Junior and second year German exchange student Christoph Brandt also observed many differences from German and American schools. In Germany, students stay in a class with the same classmates for six years. German students also can’t participate in sports in schools.

At LHS, Brandt is a member of the JV soccer team and wants to play basketball in the winter.

Brandt decided to study abroad because he had been to America a few times before and decided to sample the American way of life for a more extended period of time. He is living with senior Nathan Shobe and his family for the school year.

Sophomore Keunuk Jeong from South Korea decided to become an exchange student to be immersed in American culture, make friends and learn English.

Jeong said the biggest difference between South Korea and America is the span of time students spend at school. In South Korea, students begin their day at 7:30 a.m. and finish their school day at 10 p.m.

Another stark variation between the two countries is the housing. Most South Koreans live in apartment buildings that are many stories high, while Americans typically live in isolated one to three-story homes.

Senior Isis Miranda, who is originally from Brazil, came to America for a year because her father got offered a job to teach at the University of Kansas. She came along with her mother and father to America to improve her English.

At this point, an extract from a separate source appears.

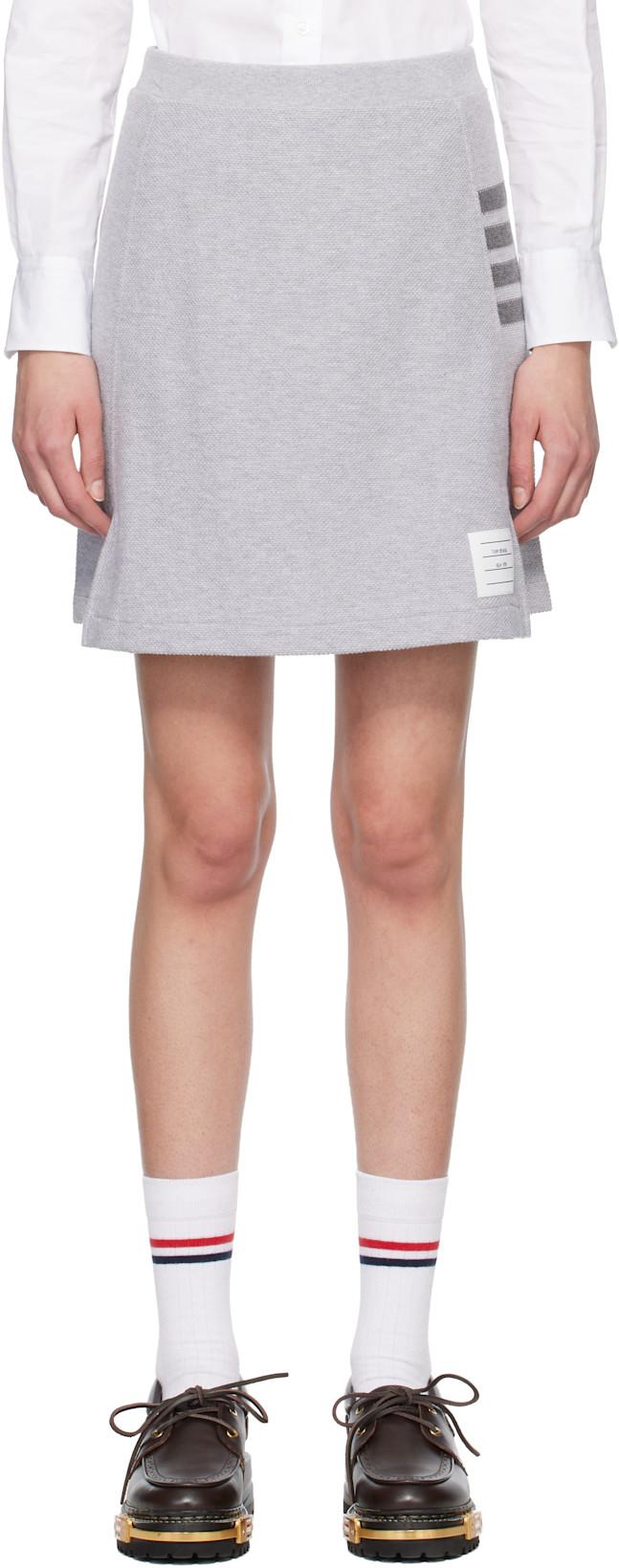 Gray Box Pleat Miniskirt by THOM BROWNE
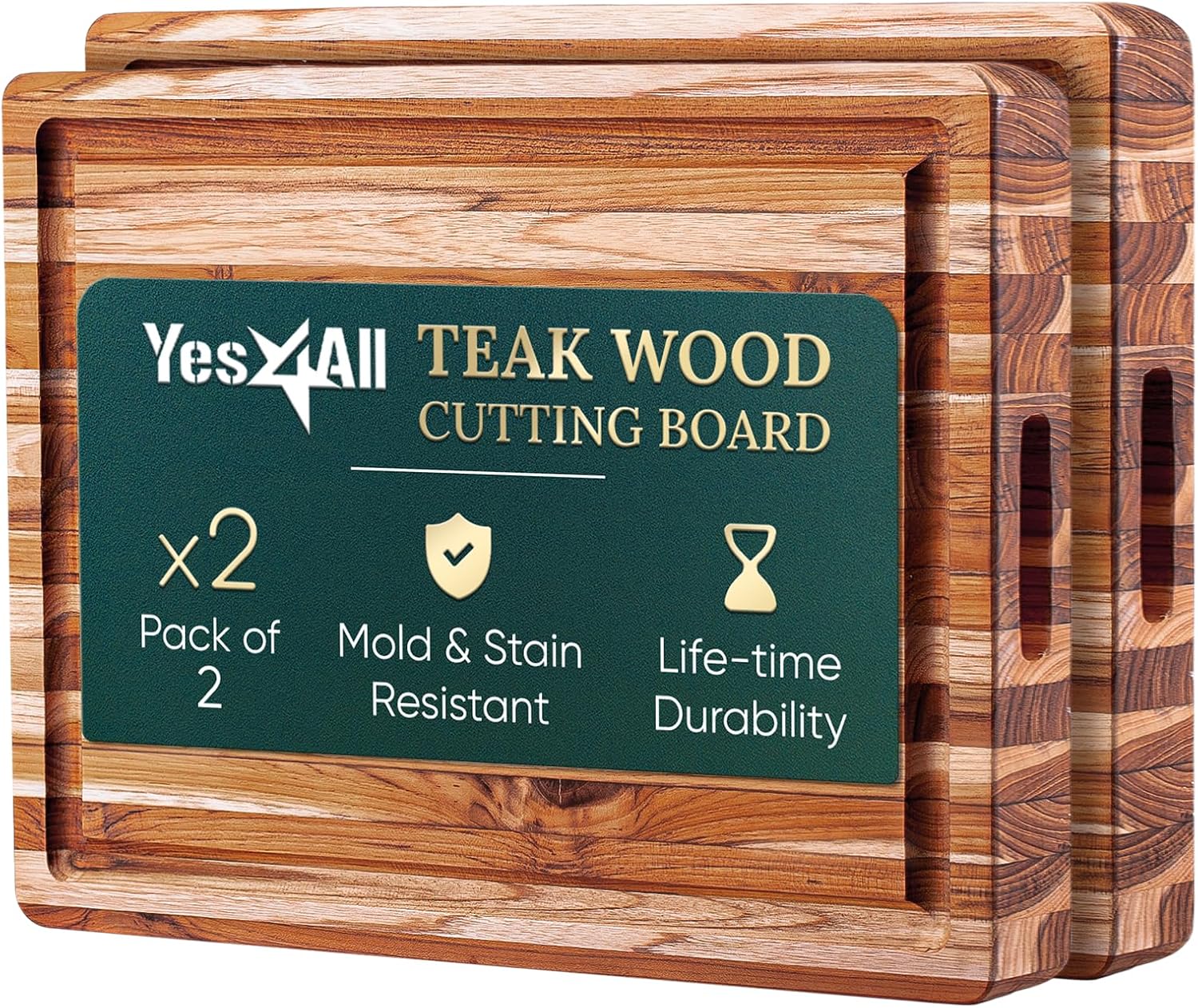 Teak Wood Cutting Board with Deep Juice Groove and Handles, 17 + 20 Inches L96470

“I think America is a good place to live. Everyone here is so nice and friendly,” Miranda said. “In Brazil, we have a lot of violence and here [there isn’t].”

The toughest part of being away from her Brazilian home is being away from her friends and boyfriend of three years. It hasn’t been hard for her to keep in contact though, with the use of Facebook and Skype.

“It’s like I’m there,” Miranda said.

Cedric Fuss, junior and German exchange student, also utilizes Skype to keep in contact with his family at home.

“I skype often with my parents, so I don’t miss them so much,” Fuss said.

He also came to America to improve his English and experience a new culture.

“The people are much more open and nicer than in Germany,” Fuss said. “But, the food is not so good. It’s healthier in Germany.”

Fuss is living with freshman Trey Georgie and his family for the year. The Georgie family has had an exchange student in the past, which prompted them to want to host another.

At the end of the school year, these five students will traverse seas and borders to return to their homes. An experience like this only happens once in a lifetime.

“I will never forget the friends I made,” Fuss said.